EvaMaeRey / mytidytuesday

little demos with tidytuesday data
https://evamaerey.github.io/mytidytuesday/
5 stars 3 forks source link

tidypivot feedback #3

Open brshallo opened 2 years ago

brshallo commented 2 years ago

Per Twitter DM conversation, here are my initial notes on your investigation into a pivot table like interface (tables)

On the whole, sounds like a really good idea -- am a bit surprised someone hasn't done a tidyverse <--> pivot-table like interface (which seems could be useful for analysts coming over to R from excel).

Notes through step 0

Did not know about uncount() , thanks!

base R's table() is a bit more pivot table like than the tidyr::pivot_* functions, but it is limited to just the 2-d case.

with(tidy_titanic, table(Sex, Survived))

Notes step 1

I see how you have y and y0, I'm wondering if the equivalent for x's may be limited by tibble/data.frame structure. It may work building this on top of data.frames but also makes me wonder if a new class would be better that allowed for multiple column headers and multiple row labels... or something... (but trying to do this would obviously add a lot of work... I do know tidyverse has documentation on building new classes on top of dataframes but haven't ever looked at.)

Notes on question at end

  1. I don't know if it does or doesn't. I feel like there is a lot of #rstats stuff out there that attempts to replicate bits of excel functionality so wouldn't be surprised if something like it did, but I don't know of it. You might ping David Gohel and see if he's aware of anything.

  2. I like the API you describe here better (allowing each to take multiple arguments), I also think I like arguments of rows and cols better.

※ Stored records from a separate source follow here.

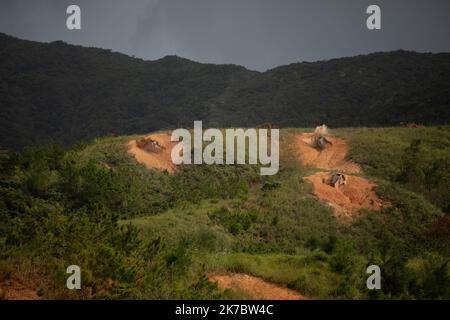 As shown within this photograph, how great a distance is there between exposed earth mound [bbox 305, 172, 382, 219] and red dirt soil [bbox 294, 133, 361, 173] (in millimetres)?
4427

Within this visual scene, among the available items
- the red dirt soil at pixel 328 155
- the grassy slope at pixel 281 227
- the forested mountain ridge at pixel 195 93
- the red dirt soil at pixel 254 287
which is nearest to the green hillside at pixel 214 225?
the grassy slope at pixel 281 227

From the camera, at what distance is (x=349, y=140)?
110ft

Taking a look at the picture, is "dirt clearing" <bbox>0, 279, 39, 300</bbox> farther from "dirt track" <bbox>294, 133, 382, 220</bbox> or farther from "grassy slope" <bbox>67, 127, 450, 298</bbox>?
"dirt track" <bbox>294, 133, 382, 220</bbox>

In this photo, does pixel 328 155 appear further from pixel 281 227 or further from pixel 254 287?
pixel 254 287

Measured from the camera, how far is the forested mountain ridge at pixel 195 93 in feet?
206

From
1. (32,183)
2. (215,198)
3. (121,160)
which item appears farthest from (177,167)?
(32,183)

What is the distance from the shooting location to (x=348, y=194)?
79.7 ft

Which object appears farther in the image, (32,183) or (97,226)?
(32,183)

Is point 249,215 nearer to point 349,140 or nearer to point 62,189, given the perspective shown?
point 62,189

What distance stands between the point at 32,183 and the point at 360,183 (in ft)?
57.8

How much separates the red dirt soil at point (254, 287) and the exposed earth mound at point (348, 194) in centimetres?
1168

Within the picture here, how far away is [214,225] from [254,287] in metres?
7.65

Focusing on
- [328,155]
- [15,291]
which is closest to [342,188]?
[328,155] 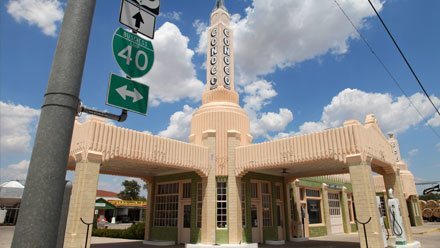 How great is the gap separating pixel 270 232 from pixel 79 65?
59.5ft

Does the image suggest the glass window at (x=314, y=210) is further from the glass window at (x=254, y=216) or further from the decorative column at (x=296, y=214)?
the glass window at (x=254, y=216)

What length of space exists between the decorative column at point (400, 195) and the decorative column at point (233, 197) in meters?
8.45

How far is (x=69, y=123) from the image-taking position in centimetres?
202

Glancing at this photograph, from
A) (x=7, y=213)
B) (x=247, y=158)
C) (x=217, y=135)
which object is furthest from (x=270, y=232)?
(x=7, y=213)

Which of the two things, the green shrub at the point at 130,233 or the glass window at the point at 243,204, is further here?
the green shrub at the point at 130,233

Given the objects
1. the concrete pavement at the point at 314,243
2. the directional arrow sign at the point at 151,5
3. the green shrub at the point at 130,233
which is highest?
the directional arrow sign at the point at 151,5

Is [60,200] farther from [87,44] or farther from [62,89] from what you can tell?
[87,44]

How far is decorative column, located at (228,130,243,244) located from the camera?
624 inches

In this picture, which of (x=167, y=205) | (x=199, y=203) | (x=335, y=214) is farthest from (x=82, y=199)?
(x=335, y=214)

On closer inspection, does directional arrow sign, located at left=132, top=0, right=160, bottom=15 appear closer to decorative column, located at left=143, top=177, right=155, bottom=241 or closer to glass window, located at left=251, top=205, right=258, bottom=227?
glass window, located at left=251, top=205, right=258, bottom=227

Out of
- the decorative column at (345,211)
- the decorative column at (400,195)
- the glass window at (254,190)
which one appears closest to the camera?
the decorative column at (400,195)

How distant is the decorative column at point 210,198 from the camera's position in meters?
15.8

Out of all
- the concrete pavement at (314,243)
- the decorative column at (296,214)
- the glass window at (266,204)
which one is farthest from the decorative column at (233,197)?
the decorative column at (296,214)

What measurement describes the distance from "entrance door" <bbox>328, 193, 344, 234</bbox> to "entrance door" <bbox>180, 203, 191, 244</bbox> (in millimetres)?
13360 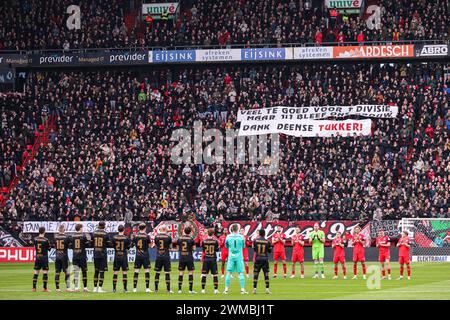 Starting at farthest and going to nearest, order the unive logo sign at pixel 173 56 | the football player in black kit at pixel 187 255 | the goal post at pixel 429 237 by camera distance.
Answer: the unive logo sign at pixel 173 56 < the goal post at pixel 429 237 < the football player in black kit at pixel 187 255

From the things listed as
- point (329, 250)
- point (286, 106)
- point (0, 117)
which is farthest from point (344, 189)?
point (0, 117)

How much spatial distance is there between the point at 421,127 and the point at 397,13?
30.9 ft

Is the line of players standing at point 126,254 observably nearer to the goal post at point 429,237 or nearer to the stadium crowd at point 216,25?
the goal post at point 429,237

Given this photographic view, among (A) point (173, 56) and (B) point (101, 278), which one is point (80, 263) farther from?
(A) point (173, 56)

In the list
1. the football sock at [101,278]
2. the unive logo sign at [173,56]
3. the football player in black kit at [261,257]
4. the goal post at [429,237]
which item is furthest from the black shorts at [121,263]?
the unive logo sign at [173,56]

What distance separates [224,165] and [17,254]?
14.0 metres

I feel like rather than having a y0 argument, this should be handled by multiple variables passed into a vector or tidyselection specification.

For example rather than:

tidy_titanic %>% 
  pivot_count(y = Survived, x = Sex, y0 = Class)

Would have:

# function doesn't really work outside of specific examples below
pivot_table <- function(data, rows, cols){

  tidy <- data %>% 
    group_by(across(c({{rows}}, {{cols}}))) %>% 
    summarize(value = n()) %>%
    ungroup()

  tidy %>% 
    pivot_wider(names_from = {{cols}})
}

tidy_titanic %>% 
  pivot_table(cols = Sex, rows = c(Class, Survived))

(Which has the same output as your example.)

This works the other way too but has the issue mentioned above of only one column header (so levels just get concatenated).

tidy_titanic %>% 
  pivot_table(cols = c(Class, Survived), rows = Sex)

Like idea of cols and rows both be able to take either a vector (as shwon above) or any tidyselection (e.g. all_of("Class", "Survived")).

Also think would be nice to have a .fns argument that could take in things like list(n = n, sum = sum), etc. (similar to how dplyr::across() takes in functions). If you do this, could have a more generic name like pivot_table() and don't need to have separate functions for each aggregation type (and gives more flexibility to user-- there's a lot could do here in terms of interface, e.g. if wanted to make it possible for aggregations to specify variables inside of them...).

Similarly, I'm wondering if there's some way you wouldn't have to make a separate function like two_way_prop()and what kind of API make sense for getting across the "Show Values As" options in excel. Maybe a within-like argument, where this is just a grouping specification, or maybe there are different functions that get across the logic for the "Show Values As" logic...

Alternative approach

One thing about the approach described above is that while it supports tidyselection it's not a traditional lego-block/pipe-based approach that is characteristic of tidyverse style syntax -- an alternative more pipe-based API would be something where you build up a pivot table piece by piece (more like a ggplot2 or tidymodels workflow object), e.g.

tidy_titanic %>%
  pivot_table() %>%
  add_rows(c(Class, Survived)) %>%
  add_cols(Sex)
#  add_funs(n)

This mirrors the way pivot tables are created step by step (though am not sure if this is actually necessary).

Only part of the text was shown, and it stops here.